_Data supplied_
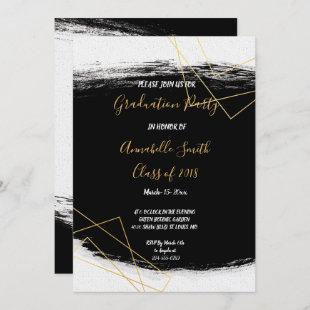 Modern Black & Gold  Watercolor G Graduation Party Invitation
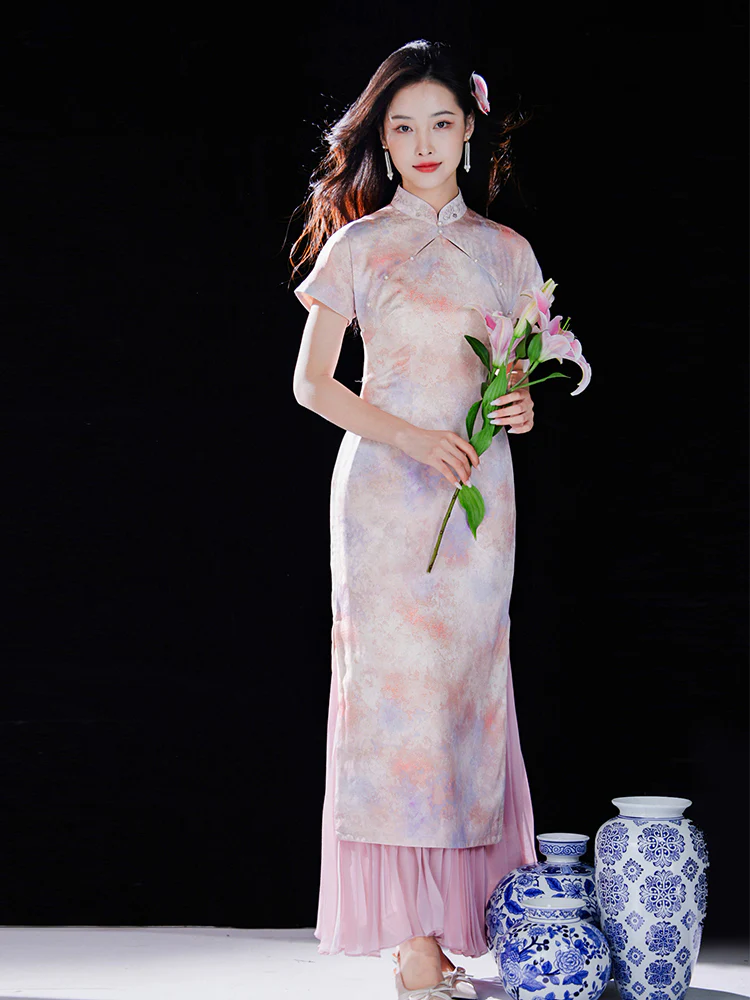 Pink Water Nymph Jinling Satin Embroidery | Modern one-Pieces Qipao Dress(浅椿) - Image 7
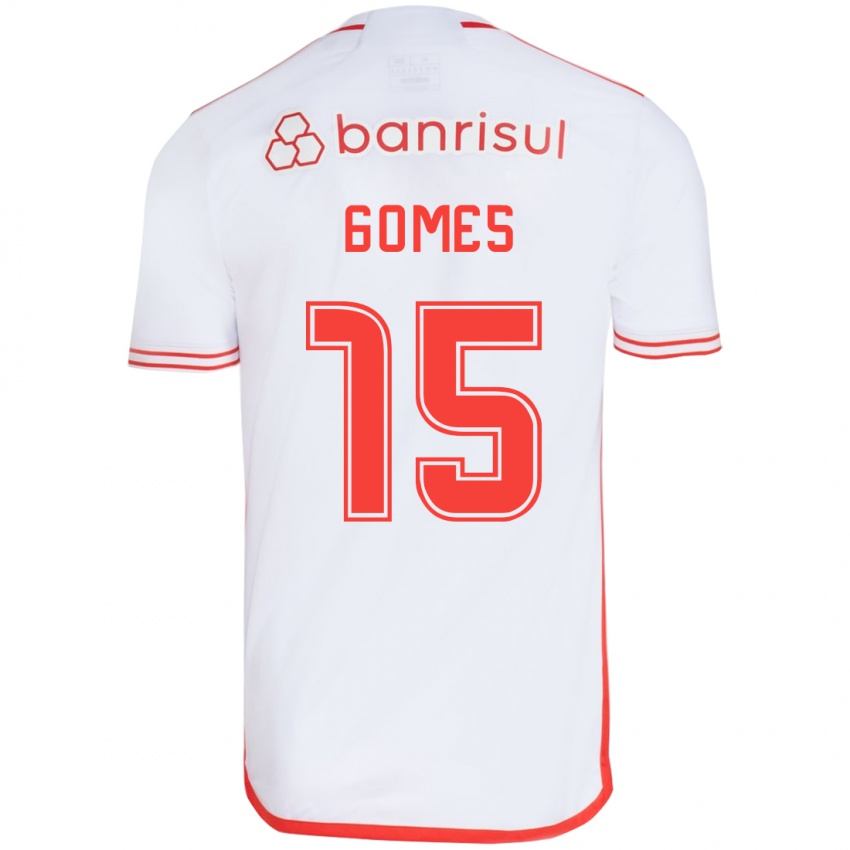 Niño Camiseta Bruno Gomes #15 Blanco Rojo 2ª Equipación 2024/25 La Camisa Perú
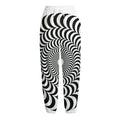 Black And White Circle Illusion Print Fleece Lined Knit Pants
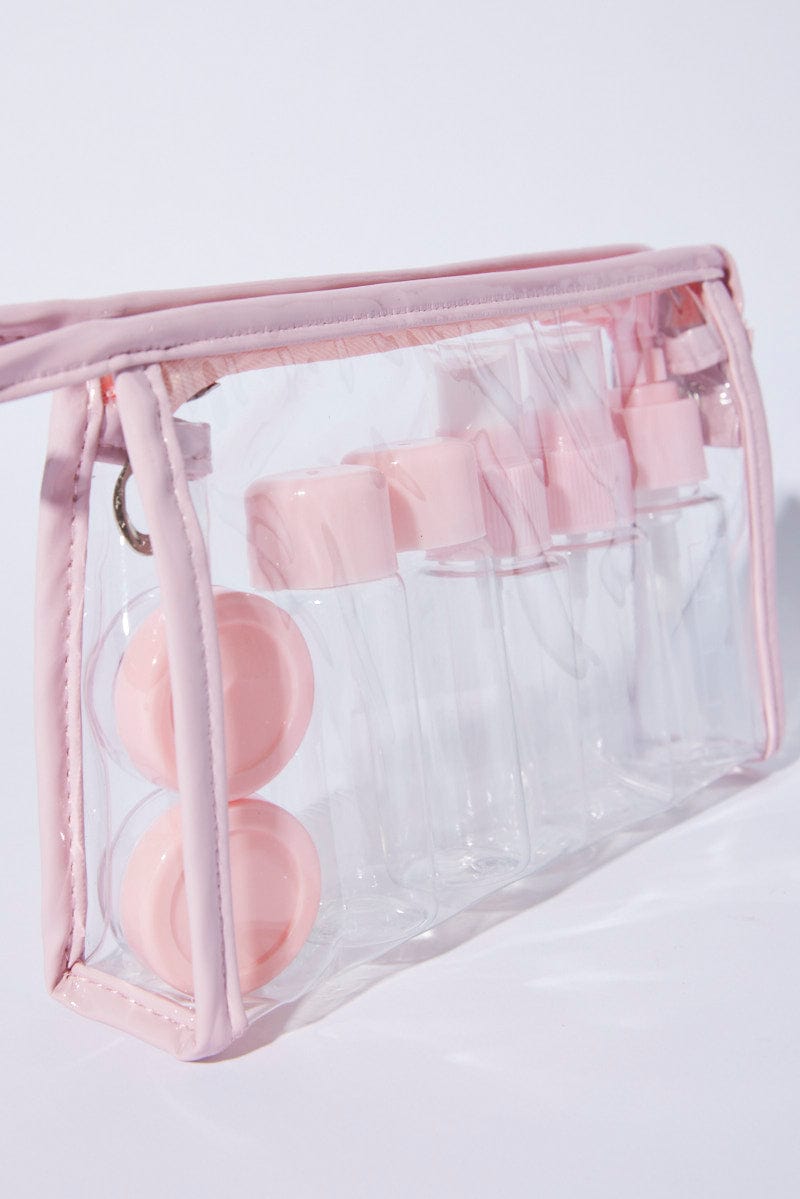 Pink 10pcs Portable Travel Bottles Set for Ally Fashion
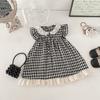 Vestido de Verano para Niña 2026 Nuevo Elegante Vestido a Cuadros con Mangas Volantes Vestido de Bebé de un Año Verano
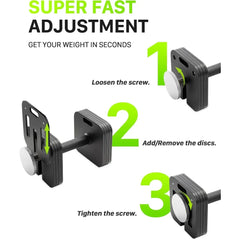 Adjustable dumbbell set by Anti Spier, featuring multiple weight plates and a sturdy handle for versatile strength training.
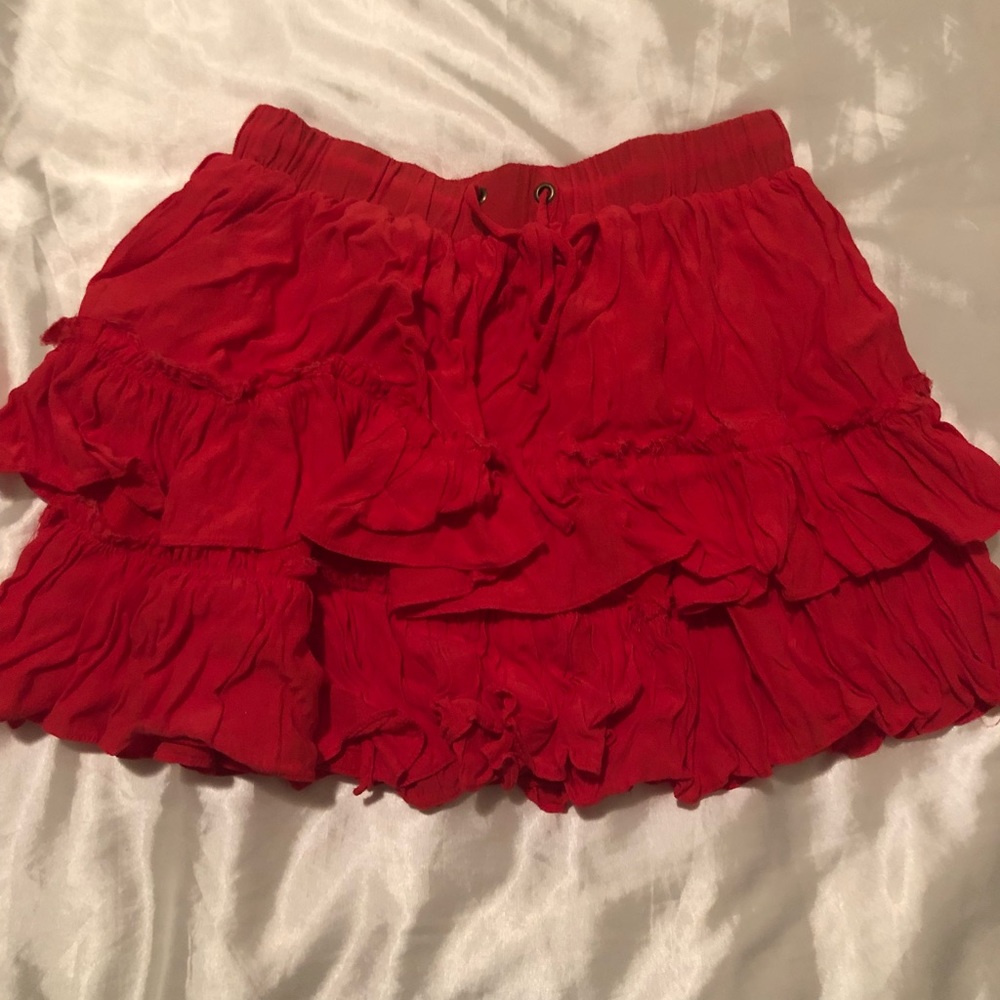 Red flowy mini skirt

_Problem statement_
Set down word for word every line from the one containing "Adjustable dumbbell set" through the last line of the records above, both ends included. Leave out the pictures.

_Result for this task_
 Adjustable dumbbell set by Anti Spier, featuring multiple weight plates and a sturdy handle for versatile strength training.
 Red flowy mini skirt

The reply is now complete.